La literatura psicológica ha demostrado ampliamente que la elección de una pareja no es en modo alguno accidental (aunque a menudo sigue siendo un misterio para nosotros), ya que se produce en gran parte de forma inconsciente. La infancia siempre deja heridas sin resolver en los cuidadores y en cada uno de nosotros quedan deseos completamente insatisfechos que reaparecerán tan pronto como comience nuestro viaje relacional juvenil.

El final de la fase edípica, de hecho, había terminado como niños con una especie de promesa-esperanza: la de poder algún día tomar el lugar del padre o la madre para conquistar y tener relaciones adultas.

Pasada la adolescencia, las antiguas reminiscencias comienzan a activarse y, junto con ellas, se desencadenarán aquellos mecanismos que deben expresarse en nosotros a través de la otra persona; los encuentros que tendremos en nuestra vida, que consideramos casuales, ¡no lo son en absoluto! Nuestras elecciones están determinadas por nuestra historia pasada; nos guiarán de forma precisa pero, sobre todo, eficaz en crear la oportunidad de cerrar lo no resuelto.

Génesis de una relación romántica

Solemos pensar que las parejas se encuentran por una cuestión de afinidad, cultura y gran atracción sexual; sin embargo hay algo que no es fácil de ver y comprender pero que, al final, es decisivo, aunque no visible.

Hay personas que repiten el mismo patrón una y otra vez convencidas en lugar de haber elegido, en cada ocasión, a una persona diferente a las que conocieron anteriormente; como si dijera que no podemos ser libres de elegir hasta que no hayamos revisado y recompuesto las primeras relaciones de nuestra vida.

Esto significa que nuestro inconsciente creará esas condiciones particulares para que podamos encontrarnos con la persona adecuada y adecuada para volver a poner en escena la antigua representación casi olvidada de lo que había sucedido alrededor de los seis años, cuando detuvimos los juegos edípicos, vinculó. a los primeros impulsos sexuales, enviándolos de regreso a un tiempo por venir.

El padre pareja, la dinámica

Entre los diversos escenarios posibles está el de elegir un compañero de apoyo, un compañero que no solo se parecerá al padre del sexo opuesto en contenido psicológico, sino que tendrá que reemplazarlo en todos los aspectos; en una palabra, un compañero que te permitirá volver a la condición de “hijo o hija”.

Esta repetición es mucho más común de lo que pensamos, especialmente en las relaciones juveniles, una fase en la que luchamos por construir una identidad sólida y separada curando viejas disputas psicológicas.

La pareja como padre o la pareja como madre son aspectos que describen un camino de dificultad interior, una sensación de no realización que no ha creado las condiciones fundamentales para el nacimiento de una identidad separada y sólida y que necesitará una nueva experiencia. para construir lo que entonces no era posible.

El marido como padre

En el primer caso, para la mujer, se trata de un padre resignado, cerrado y no gratificante que no apoyaba el deseo de autonomía porque no supo inculcar ese sentido de valor personal fundamental para alcanzar la condición de madurez psicológica y psicológica. responsabilidad personal.

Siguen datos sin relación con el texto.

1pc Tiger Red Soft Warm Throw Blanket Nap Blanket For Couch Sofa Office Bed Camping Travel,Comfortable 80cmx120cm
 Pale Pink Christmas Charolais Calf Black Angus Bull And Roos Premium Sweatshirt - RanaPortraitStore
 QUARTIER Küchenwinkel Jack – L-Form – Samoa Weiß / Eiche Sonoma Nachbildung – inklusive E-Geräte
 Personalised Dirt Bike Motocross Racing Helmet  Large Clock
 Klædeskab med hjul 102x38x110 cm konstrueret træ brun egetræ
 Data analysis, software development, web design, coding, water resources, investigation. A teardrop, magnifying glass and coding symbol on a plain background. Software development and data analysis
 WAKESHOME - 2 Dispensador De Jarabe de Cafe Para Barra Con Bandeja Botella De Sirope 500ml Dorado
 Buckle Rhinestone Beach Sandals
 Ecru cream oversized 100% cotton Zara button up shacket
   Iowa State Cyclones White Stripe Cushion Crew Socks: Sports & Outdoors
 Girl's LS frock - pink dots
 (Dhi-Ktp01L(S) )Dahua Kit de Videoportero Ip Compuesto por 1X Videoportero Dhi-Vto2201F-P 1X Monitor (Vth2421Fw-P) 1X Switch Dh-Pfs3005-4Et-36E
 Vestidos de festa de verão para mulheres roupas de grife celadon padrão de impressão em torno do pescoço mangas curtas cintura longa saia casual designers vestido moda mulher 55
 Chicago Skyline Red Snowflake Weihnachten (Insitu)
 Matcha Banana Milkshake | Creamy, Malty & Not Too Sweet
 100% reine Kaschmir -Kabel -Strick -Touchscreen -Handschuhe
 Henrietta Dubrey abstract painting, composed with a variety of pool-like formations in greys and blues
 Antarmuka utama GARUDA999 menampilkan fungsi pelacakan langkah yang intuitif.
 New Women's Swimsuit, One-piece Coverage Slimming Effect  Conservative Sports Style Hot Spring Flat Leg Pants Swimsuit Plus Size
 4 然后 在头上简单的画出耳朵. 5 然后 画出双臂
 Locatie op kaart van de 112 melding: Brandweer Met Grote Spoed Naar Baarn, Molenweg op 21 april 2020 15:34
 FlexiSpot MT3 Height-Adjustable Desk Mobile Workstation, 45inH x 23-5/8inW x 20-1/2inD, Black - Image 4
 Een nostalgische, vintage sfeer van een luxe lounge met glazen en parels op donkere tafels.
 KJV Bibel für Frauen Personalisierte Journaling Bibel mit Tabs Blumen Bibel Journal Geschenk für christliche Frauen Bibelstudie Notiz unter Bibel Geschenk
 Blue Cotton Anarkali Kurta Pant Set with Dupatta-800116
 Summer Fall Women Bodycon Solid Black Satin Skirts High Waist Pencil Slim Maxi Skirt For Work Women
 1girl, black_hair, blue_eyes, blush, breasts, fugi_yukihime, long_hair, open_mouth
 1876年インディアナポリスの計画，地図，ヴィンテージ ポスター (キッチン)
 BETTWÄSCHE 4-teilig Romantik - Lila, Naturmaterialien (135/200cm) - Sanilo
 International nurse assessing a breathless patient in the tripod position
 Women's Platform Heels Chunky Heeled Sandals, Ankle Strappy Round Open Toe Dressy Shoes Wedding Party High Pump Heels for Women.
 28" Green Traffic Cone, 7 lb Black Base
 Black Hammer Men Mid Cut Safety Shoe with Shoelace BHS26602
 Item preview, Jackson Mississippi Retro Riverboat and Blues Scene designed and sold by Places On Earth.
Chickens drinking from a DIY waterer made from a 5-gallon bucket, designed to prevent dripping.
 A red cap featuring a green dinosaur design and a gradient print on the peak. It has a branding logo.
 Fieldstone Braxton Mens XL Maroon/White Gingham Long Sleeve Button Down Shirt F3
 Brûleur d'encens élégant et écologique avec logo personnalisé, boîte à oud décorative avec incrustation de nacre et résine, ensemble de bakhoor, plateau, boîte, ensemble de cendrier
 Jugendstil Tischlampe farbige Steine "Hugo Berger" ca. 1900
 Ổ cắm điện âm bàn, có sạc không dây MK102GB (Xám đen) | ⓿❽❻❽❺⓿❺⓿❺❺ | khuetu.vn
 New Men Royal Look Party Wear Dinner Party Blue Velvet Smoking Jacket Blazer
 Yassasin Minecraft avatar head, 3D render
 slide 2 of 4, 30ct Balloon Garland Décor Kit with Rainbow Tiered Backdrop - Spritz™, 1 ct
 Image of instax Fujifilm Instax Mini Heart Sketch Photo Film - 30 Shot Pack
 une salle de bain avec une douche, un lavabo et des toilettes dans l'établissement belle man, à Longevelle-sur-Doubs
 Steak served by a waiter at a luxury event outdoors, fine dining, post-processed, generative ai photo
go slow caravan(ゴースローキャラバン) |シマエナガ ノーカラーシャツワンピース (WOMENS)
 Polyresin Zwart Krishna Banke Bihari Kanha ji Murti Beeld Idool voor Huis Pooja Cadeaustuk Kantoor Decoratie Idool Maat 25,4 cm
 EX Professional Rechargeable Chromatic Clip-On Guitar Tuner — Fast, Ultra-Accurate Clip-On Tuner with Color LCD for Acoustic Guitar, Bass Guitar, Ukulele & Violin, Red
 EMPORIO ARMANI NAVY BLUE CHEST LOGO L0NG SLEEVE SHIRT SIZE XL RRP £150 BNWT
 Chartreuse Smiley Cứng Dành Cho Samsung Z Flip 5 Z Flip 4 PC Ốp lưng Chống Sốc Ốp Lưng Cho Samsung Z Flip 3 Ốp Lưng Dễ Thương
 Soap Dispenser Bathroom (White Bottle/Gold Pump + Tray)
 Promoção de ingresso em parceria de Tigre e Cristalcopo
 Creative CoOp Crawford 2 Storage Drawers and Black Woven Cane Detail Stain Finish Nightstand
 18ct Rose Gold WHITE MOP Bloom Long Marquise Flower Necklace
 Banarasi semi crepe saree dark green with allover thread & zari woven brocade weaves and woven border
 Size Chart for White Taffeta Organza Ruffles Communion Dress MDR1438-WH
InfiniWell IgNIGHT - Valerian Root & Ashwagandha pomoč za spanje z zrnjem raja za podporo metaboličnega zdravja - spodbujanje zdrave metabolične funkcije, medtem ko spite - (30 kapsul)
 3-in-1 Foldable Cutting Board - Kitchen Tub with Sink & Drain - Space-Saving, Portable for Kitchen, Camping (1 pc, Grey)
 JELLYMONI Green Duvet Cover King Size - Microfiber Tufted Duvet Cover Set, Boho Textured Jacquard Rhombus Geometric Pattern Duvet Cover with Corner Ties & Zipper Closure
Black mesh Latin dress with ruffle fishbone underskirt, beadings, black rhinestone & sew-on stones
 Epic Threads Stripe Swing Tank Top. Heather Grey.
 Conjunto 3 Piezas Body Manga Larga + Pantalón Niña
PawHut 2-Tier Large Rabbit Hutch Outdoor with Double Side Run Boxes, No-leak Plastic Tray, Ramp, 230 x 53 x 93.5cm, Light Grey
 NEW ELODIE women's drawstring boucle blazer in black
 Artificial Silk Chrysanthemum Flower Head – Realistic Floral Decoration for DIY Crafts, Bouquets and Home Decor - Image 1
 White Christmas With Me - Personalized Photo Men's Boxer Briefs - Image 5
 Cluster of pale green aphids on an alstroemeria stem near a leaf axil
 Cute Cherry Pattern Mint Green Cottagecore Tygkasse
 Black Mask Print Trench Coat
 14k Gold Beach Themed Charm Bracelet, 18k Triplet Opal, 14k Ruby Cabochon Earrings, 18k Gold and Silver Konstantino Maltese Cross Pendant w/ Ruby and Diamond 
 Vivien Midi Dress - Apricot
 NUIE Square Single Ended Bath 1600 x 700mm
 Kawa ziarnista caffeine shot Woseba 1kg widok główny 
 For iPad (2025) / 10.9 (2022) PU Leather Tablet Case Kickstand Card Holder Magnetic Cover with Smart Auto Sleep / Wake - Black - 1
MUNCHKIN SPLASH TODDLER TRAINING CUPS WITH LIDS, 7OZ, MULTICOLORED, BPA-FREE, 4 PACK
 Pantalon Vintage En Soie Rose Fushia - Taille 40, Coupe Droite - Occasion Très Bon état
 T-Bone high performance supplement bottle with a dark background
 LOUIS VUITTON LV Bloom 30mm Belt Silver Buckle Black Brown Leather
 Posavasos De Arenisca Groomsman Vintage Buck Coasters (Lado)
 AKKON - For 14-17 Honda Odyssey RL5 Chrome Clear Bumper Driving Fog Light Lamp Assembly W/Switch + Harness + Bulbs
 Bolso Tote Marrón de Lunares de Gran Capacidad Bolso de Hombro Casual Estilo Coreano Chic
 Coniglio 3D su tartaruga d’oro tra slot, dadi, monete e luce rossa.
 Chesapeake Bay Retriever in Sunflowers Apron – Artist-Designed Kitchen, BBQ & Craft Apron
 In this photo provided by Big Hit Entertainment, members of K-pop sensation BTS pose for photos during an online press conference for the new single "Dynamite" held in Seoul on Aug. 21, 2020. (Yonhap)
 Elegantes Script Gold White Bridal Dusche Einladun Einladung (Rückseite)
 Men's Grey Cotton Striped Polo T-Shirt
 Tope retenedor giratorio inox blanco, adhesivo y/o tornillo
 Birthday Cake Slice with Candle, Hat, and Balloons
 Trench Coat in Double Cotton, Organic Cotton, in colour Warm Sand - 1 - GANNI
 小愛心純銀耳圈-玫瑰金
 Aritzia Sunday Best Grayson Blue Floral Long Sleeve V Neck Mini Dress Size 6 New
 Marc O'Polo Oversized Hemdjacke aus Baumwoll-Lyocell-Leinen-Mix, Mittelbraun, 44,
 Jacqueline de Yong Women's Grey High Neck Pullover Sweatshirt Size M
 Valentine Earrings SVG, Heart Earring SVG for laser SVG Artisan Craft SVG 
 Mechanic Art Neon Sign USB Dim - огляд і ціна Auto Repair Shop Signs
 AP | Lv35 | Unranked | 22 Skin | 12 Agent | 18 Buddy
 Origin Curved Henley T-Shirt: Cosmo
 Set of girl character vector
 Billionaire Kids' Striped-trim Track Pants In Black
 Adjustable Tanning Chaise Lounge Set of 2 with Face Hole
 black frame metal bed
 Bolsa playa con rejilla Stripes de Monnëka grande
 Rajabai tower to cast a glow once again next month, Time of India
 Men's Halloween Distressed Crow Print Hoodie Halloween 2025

Generalmente se trata de un progenitor insatisfecho y desapegado en la relación, un sujeto que nunca ha abandonado su rol y que no dejaba discutir y negociar las cosas; un padre que tendía a culpar y que, con cada error, perfilaba la sensación de fracaso o rechazo.

Será precisamente este vacío el que creará la necesidad completamente inconsciente de apoyarse en un hombre que, a todos los efectos, se parecerá al padre y que, al menos al principio, parecerá curar la sensación de negligencia y vacío; el sujeto en cuestión puede ser mayor, generalmente la tradición dio esta definición, pero el símbolo nos lleva más allá porque será una persona que permitirá y enganchará proyecciones como “seguridad, madurez, capacidad, estructura, autonomía y competencia”, todo cosas que una mujer no posee y que debe desarrollar gradualmente dentro de sí misma.

Cuando caiga la proyección, la sensación de desánimo y malestar se sentirá muy fuerte porque, la ansiada figura paterna que tuvo que ceder sin pedir, apoyándose y sacrificándose en el altar de la estabilidad y la eficiencia, se convertirá en ser frío, difícil, distante, distante y, la mayoría de las veces, exigente, crítico e hipercrítico; Parecerá que nada de lo que hagas está a la altura de las expectativas por lo que siempre se recogen devaluaciones, reproches y culpas y, de esta forma, la escena se volverá perfecta para revivir las mismas emociones y sensaciones del pasado cuando era el padre real. para infligir el mismo tipo de frustración.